In addition, the reviewer should confirm that condition monitoring, surveillance, and inspections, using the same techniques and equipment proposed for use in the risk-informed ISI program, will be conducted prior to the start of operation (preservice inspection) to establish a baseline for comparison to future inspection results. The review should also determine how the baseline inspection results will be used to determine what constitutes unacceptable degradation (i.e.,
how are acceptance criteria defined?). The reviewer also should confirm that the design provides space for accessibility of equipment, shielding and personnel to conduct the inspections.
The reviewer should determine how the results of the risk-informed ISI program are to be monitored for effectiveness. This could include looking at trends in any degradation detected and determining whether or not the inspection frequencies or inspection techniques should be changed. Criteria for making this determination should be proposed in the application.
The review should also determine whether risk information was used to determine under what plant conditions the inspections are best performed (e.g., full power, shutdown, etc.). The goal is to conduct the inspections during the plant conditions that, combined with the inspection technique itself and its related constraints, provide the necessary performance information while minimizing risk to worker safety and the public in general. The reviewer should determine if the application has addressed this aspect of the program and, if not, has justification been provided.
b) Non-LWR IST - The NRC regulations in 10 CFR 50.55a do not contain requirements for non-LWR IST programs. The ASME OM Code, Division 1, incorporated by reference in 10 CFR 50.55a applies to water-cooled reactors. ASME has initiated a task group to draft a new division of the ASME OM Code that will provide high-level requirements for IST activities for components in advanced reactors. The reviewer should determine the status of the ASME effort for guidance in the review of risk-informed IST programs described in advanced non-LWR applications.
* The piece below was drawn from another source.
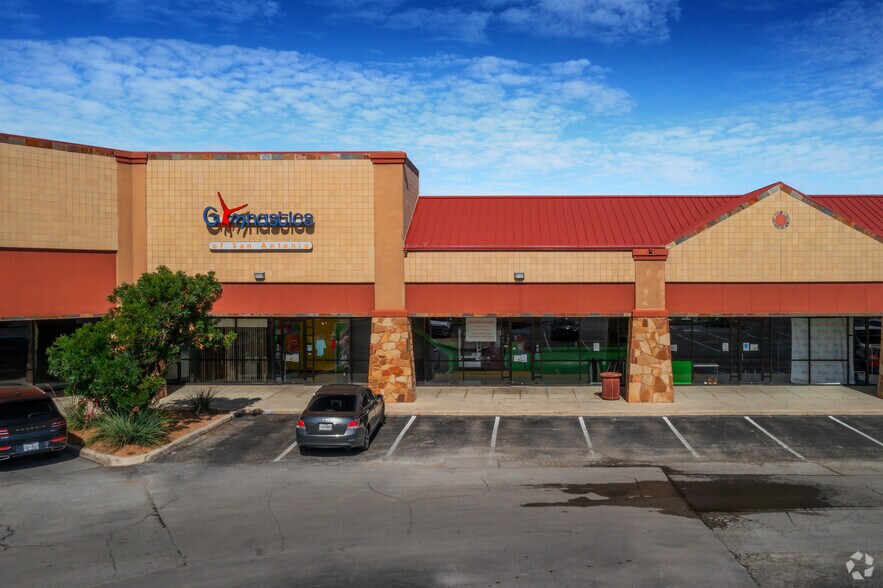More Photos Of 5500 Babcock Rd, San Antonio Freestanding For Lease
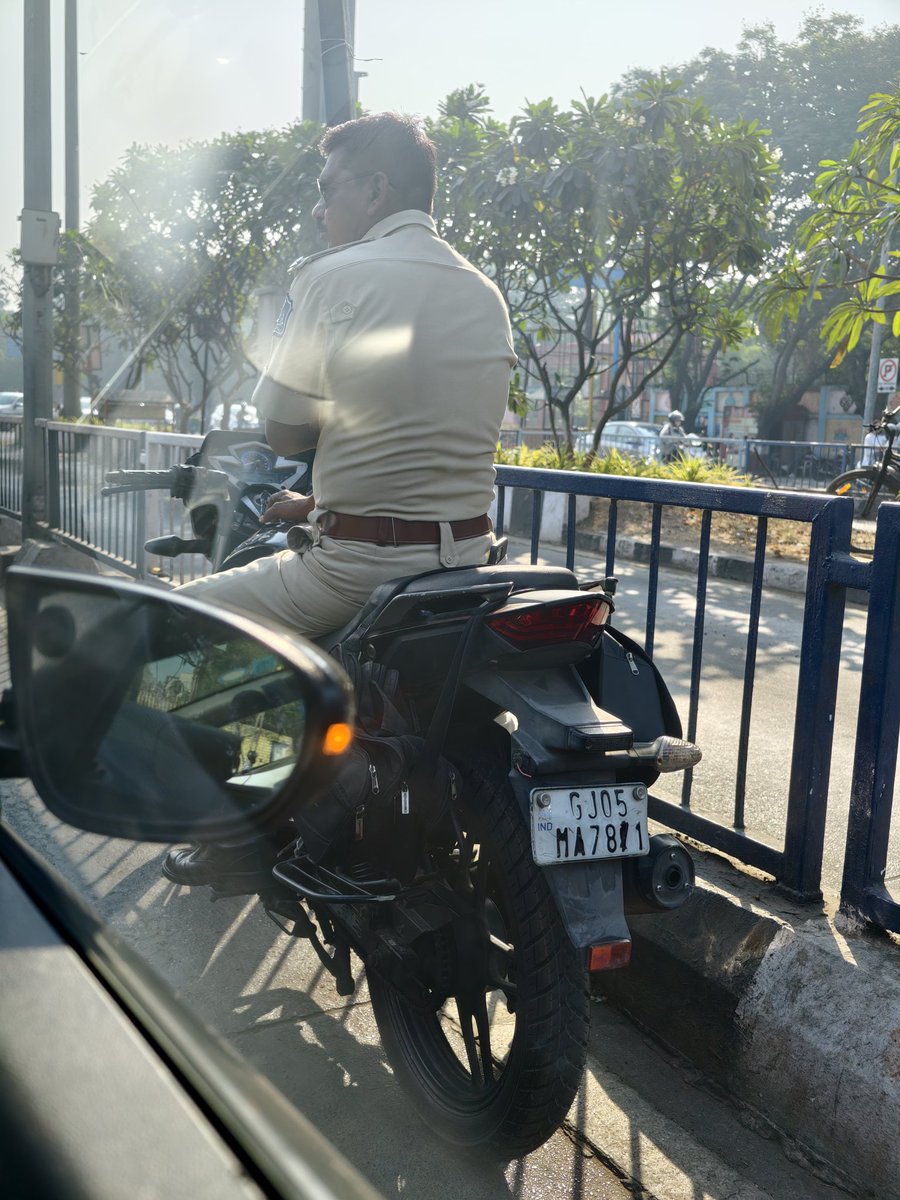 pro_saffron's tweet photo. Helmet rules only for common people?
However, the GDCs in 10 CFR Part 50, Appendix A, are generally applicable to other types of reactors and the following GDCs from 10 CFR Part 50, Appendix A, require testing in various areas:
* GDC # 1 Quality Standards and Records
* GDC # 4 Environmental and Dynamic Effects Design Bases
* GDC # 30 Quality of Reactor Coolant Pressure Boundary
* GDC # 37 Testing of Emergency Core Cooling System
* GDC # 40 Testing of Containment Heat Removal System
* GDC # 43 Testing of Containment Atmosphere Cleanup System
* GDC # 46 Testing of Cooling Water System
* GDC # 53 Provisions for Containment Testing and Inspection
* GDC # 61 Fuel Storage and Handling and Radioactivity Control In addition, as described in RG 1.232, a set of ARDCs have been developed, based on the GDCs, for application to non-LWRs. These ARDCs also require testing in various areas.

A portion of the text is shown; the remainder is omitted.